Your task:
Return exactly the lines below, starting with the one that has "18thシングルリリース記念！" and going on through the one that has "exagear模拟器汉化版".

Input data:
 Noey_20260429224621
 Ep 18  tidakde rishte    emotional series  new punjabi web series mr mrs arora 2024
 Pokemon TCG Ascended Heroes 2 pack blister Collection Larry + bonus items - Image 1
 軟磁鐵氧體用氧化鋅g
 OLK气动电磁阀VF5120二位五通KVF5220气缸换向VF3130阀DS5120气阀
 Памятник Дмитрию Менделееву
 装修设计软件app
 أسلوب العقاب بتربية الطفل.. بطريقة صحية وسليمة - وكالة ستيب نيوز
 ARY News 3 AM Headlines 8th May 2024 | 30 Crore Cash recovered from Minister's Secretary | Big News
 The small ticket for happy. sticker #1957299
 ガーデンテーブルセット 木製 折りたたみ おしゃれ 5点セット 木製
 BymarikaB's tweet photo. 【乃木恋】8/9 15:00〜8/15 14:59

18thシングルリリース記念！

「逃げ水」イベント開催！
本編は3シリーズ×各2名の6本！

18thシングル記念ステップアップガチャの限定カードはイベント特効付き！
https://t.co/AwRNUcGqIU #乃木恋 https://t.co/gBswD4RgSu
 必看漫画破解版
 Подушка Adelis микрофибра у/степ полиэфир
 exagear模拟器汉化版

--

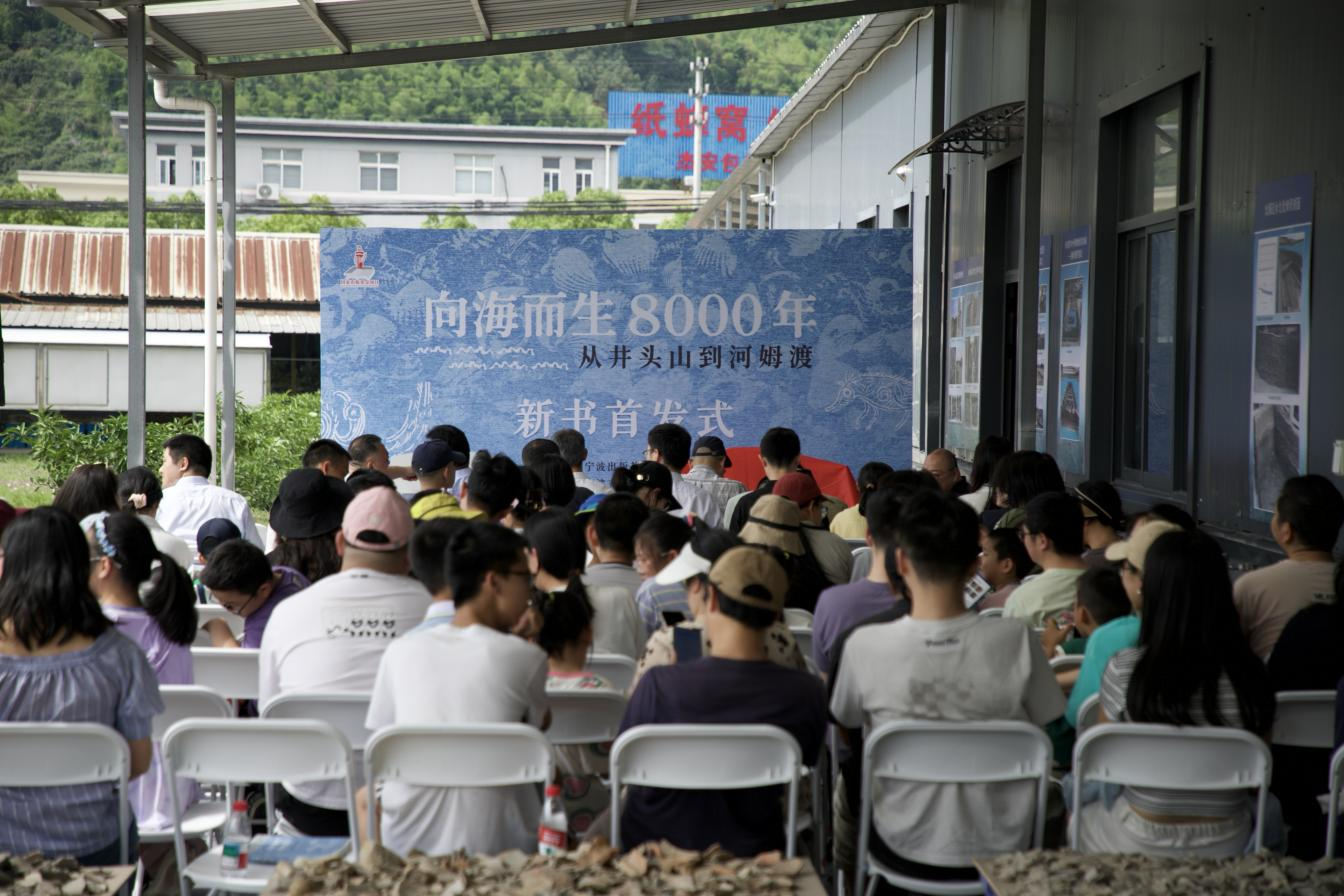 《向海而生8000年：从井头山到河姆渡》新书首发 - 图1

Reply to the task:
18thシングルリリース記念！

「逃げ水」イベント開催！
本編は3シリーズ×各2名の6本！

18thシングル記念ステップアップガチャの限定カードはイベント特効付き！
https://t.co/AwRNUcGqIU #乃木恋 https://t.co/gBswD4RgSu
 必看漫画破解版
 Подушка Adelis микрофибра у/степ полиэфир
 exagear模拟器汉化版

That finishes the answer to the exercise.